Do przyczyn, które spowodowały ten zamach były następujące:
Silny kryzys ekonomiczny, który komplikuje życie w Hiszpanii; kraj, który w tym czasie był w pełnej transformacji w kierunku demokracji, po spędzeniu czterdziestu lat reżim Franco.
Grupa terrorystyczna ETA, kraj pozostał nękane przez zanurzenie go w ciągłej kąpieli krwi przez niezliczone ataki.
Organizacja terytorialna narodu, w tym czasie, był nieco zdezorientowany.
Rząd milczał w obliczu większości nieszczęść, które miały miejsce w kraju.
Legalizacja Hiszpańskiej Partii Komunistycznej (PCE), uważanej przez większość Hiszpanów za partię ludobójczą.
Wszystkie te przyczyny, a przede wszystkim ostatnia, były słomą, która złamała grzbiet wielbłąda i cierpliwość tej grupy żołnierzy, którzy zaczęli planować najlepszą strategię powrotu do starego systemu rządów.
Po zalegalizowaniu Hiszpańskiej Partii Komunistycznej w 1977 r. Armia natychmiast wykazała jej odrzucenie, kilka dni po podjęciu decyzji admirał Pita Da Veiga y Sanz, ówczesny minister marynarki wojennej, złożył rezygnację.. Naczelna rada armii niezwłocznie wysyła komunikat, w którym wyraża niezadowolenie z takiej decyzji; jednak zapewnia, że będzie go przestrzegać.
W tym czasie w Hiszpanii rządził Adolfo Suárez, który nie wiedział, jak utrzymać kraj na powierzchni, co doprowadziło go do głębokiego kryzysu, który pogorszył się w 1980 roku.
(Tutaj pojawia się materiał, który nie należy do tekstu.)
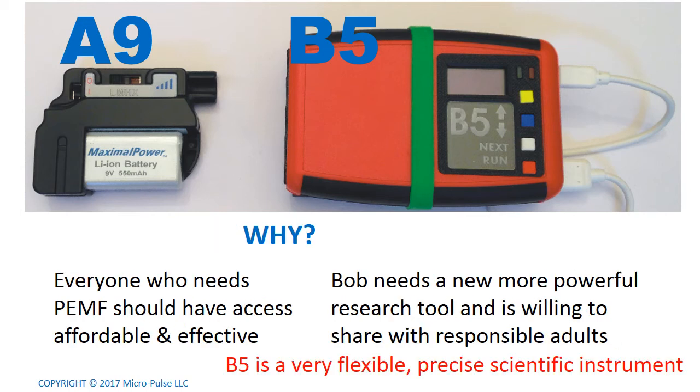I also want you to know why I built these two different systems. I built the A9 for everyone who needs PEMF — I think everyone should have access to a PEMF system that's affordable, effective, and based on science. But more recently I built the B5 because I need a more powerful research tool, something that will allow me to improve this technology over the next several years. I'm willing to share this technology with responsible adults — I'm willing to loan you the keys to the car, but you've got to promise you're not going to wrap it around a telephone pole. The B5 is a very flexible, precise instrument and should be treated as such.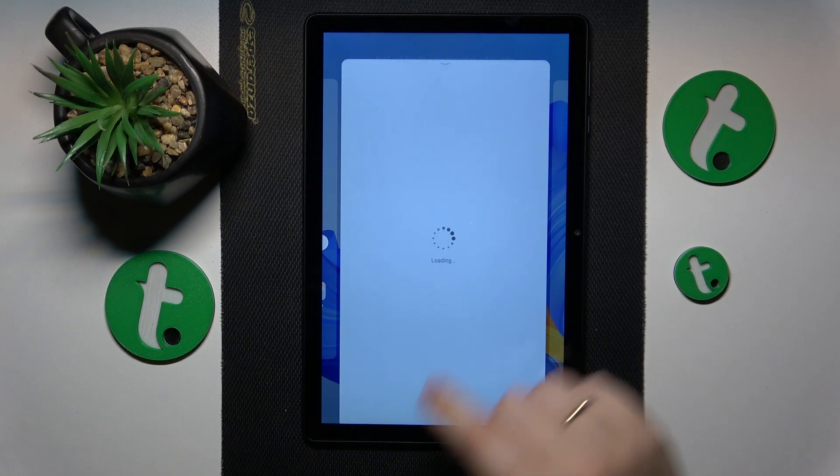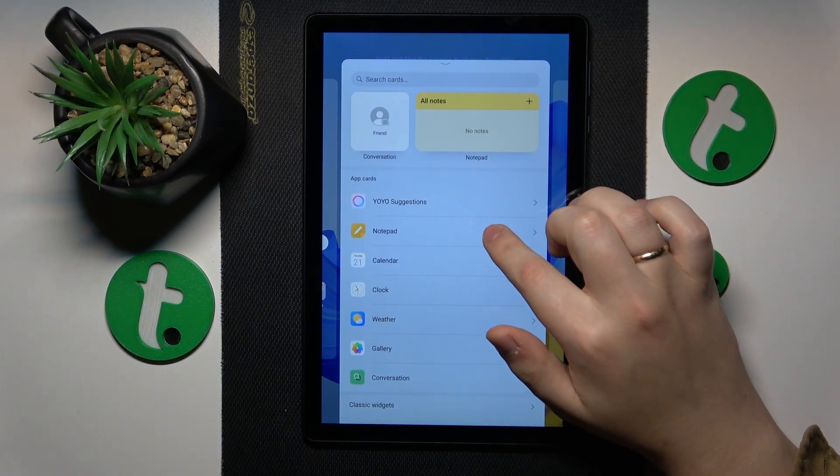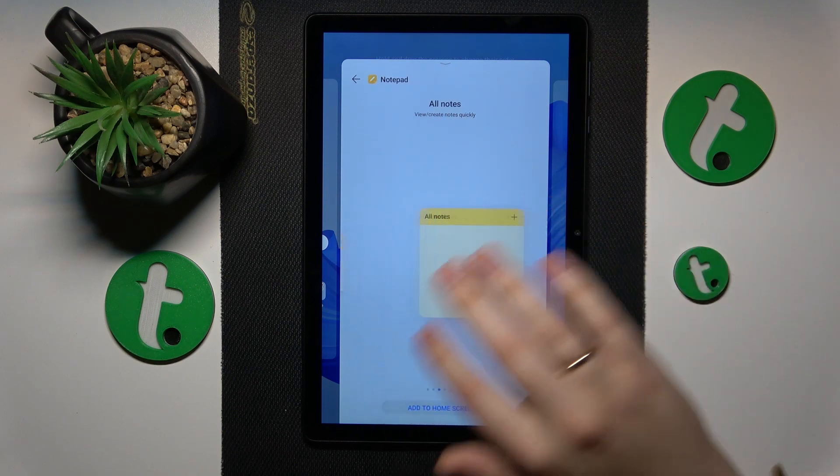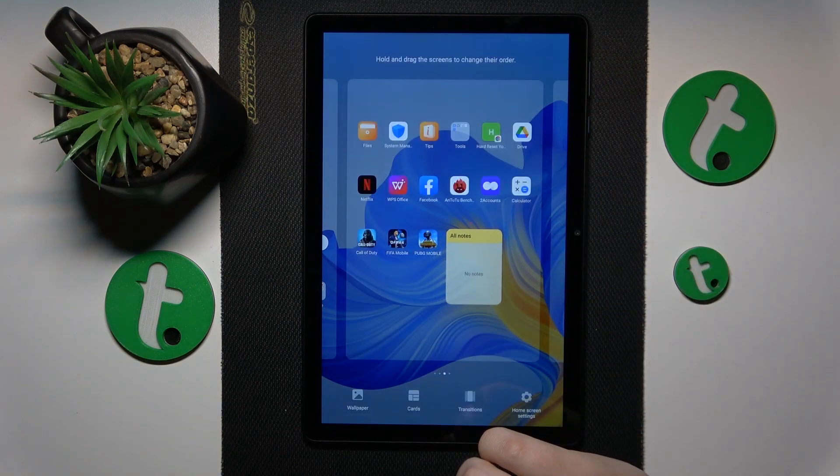Tap the Cards option. Among the available cards or widget categories, look for the Notepad, then select the design that you would like to go with and tap the Add to Home Screen button.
Kruchość jego rządu, a zwłaszcza fundamentów własnej partii, zapoczątkował rezygnację ze stanowiska premiera w styczniu 81.
To właśnie wtedy w tak napiętym środowisku zaczęto przygotowywać procesy zastępcze Suáreza. Po kilku procesach ostatecznie hiszpański monarcha Juan Carlos I decyduje się na wybór Leopoldo Calvo-Sotelo na kandydata na prezydenta rządu.
Atmosfera była już rozrzedzona, gdy 19 lutego 1981 r. Rozpoczęła się sesja inwestytury na zjeździe posłów. Tutaj Calvo-Sotelo przedstawia swoją propozycję rządu. Brak wymaganej większości głosów do akredytacji stanowiska. Dlatego konieczne jest przejście do drugiej tury głosowania.
Drugą turę głosowania zaplanowano na 23 lutego, przewrót był już w pełni zaplanowany, była godzina szósta po południu, kiedy rozpoczęło się głosowanie na kongresie, strażnicy byli gotowi i po upływie 20 minut, Operacja się rozpoczęła, grupa żołnierzy dowodzona przez Antonio Tejero weszła na kongres uzbrojona w broń, Tejero wszedł na mównicę iz bronią w ręku wydał słynne zdanie: „wszyscy cicho”.
Wiele sytuacji, wciąż niejasnych, sprawiło, że zamach stanu nie powiódł się. Wczesnym rankiem 24 lutego król Juan Carlo I przekazał obywatelom przesłanie o pokoju i spokoju, wspierając demokrację i potępiając tę próbę zamachu stanu. Liderzy tego samego zostali skazani na więzienie. Dzięki Bogu, że podczas tego wydarzenia nie było ofiar do opłakiwania, tylko dziury w ścianach, które wciąż można zobaczyć w tym miejscu.